The banking industry believes that up to $6 trillion in deposits could flow into stablecoins, especially with Coinbase sharing 50% of the profits from USDC, which would siphon deposits from small local banks and community banks, further complicating financing for small businesses and ordinary people.

Coinbase counters that yield generation is merely an operational and incentive mechanism. With sufficient asset reserves for stablecoins, it will not cause a systemic crisis but will instead free more people from the "exploitation" of the banking industry's 0.01% demand deposit interest rate.

The yield mechanism, after three rounds of on-chain yield-bearing stablecoins, remains a hot topic that the traditional financial industry has yet to catch up with. We live in a world of vast disparities: the crypto space moves fast, while TradFi has scale.

Yield Capitalism

The reduction in U.S. Treasury purchases and the increase in gold acquisitions are happening simultaneously. U.S. Treasuries need new buyers, and Tether and Circle are stepping up to the task.

Facing Coinbase's USDC offering an annualized yield of up to 3.35%, the banking industry has two main arguments for defense. First, the deposit scale of the U.S. banking industry is as high as $18 trillion. If demand deposit interest rates are too high, banks will further increase loan rates, ultimately raising financing costs for businesses and personal credit costs.
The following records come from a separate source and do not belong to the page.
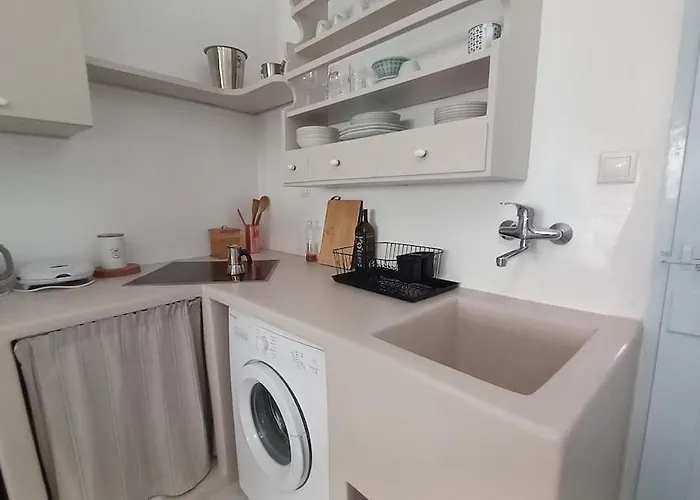 Charming Maison With Terrace, Parikia Center בית נופש *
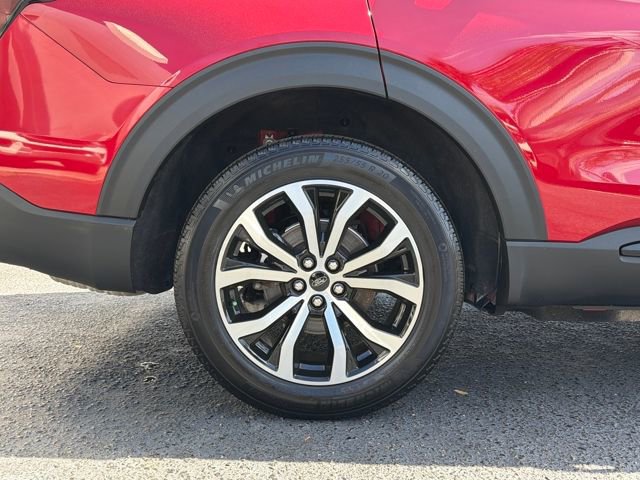 Used 2025 Ford Explorer ST-Line image 32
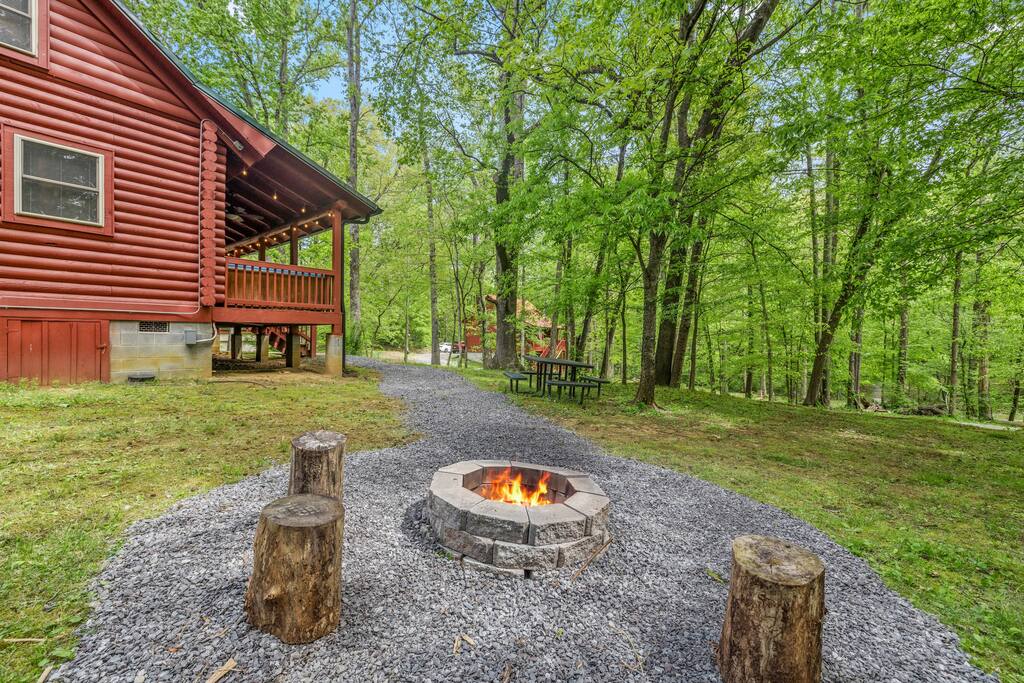 dreamy-woodland-haven-~-hot-tub-~-trails-~-pets-ok/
Image description: Flow of deposits and loans in U.S. commercial banks, Image source: @NewYorkFed

Second, yield-bearing stablecoin issuers are increasingly favoring the purchase of U.S. Treasuries, which undermines the banking industry's role in dollar circulation. Additionally, on-chain stablecoins participating in DeFi could potentially cause a systemic financial crisis.

Image description: Comparison of China and U.S. M0/M1/M2, Image source: @zuoyeweb3

Addressing these two issues specifically, the current USDC issuance is $75 billion, with $40 billion invested in U.S. Treasuries. Tether's issuance is $180 billion, with $130 billion invested in U.S. Treasuries. Calculating only stablecoins issued based on U.S. Treasuries amounts to $170 billion, accounting for 3%/0.8%/0.7% of the U.S. M0/M1/M2.

However, according to Ark Invest's statistics, the share of the three largest foreign buyers of U.S. Treasuries has dropped from 23% in 2011 to 6% in 2024. With the tariff war spreading to Europe, U.S. Treasuries need more external buyers to maintain their global status. Fundamentally, the U.S. has no reason to reject stablecoins.

Although the Genius Act prohibits offering interest to attract customers, GUSD issued by Paxos in partnership with Kraken and PYUSD issued with Paypal can still bypass this restriction. Either Paxos and other third parties act as the operational entity, or custodial institutions like Anchorage offer interest to institutional clients.

In fact, crypto peers, including Ripple and a16z, hope to pass the bill as soon as possible, rejecting passive yield but also exploring active yield. Only Coinbase is putting up a stubborn resistance.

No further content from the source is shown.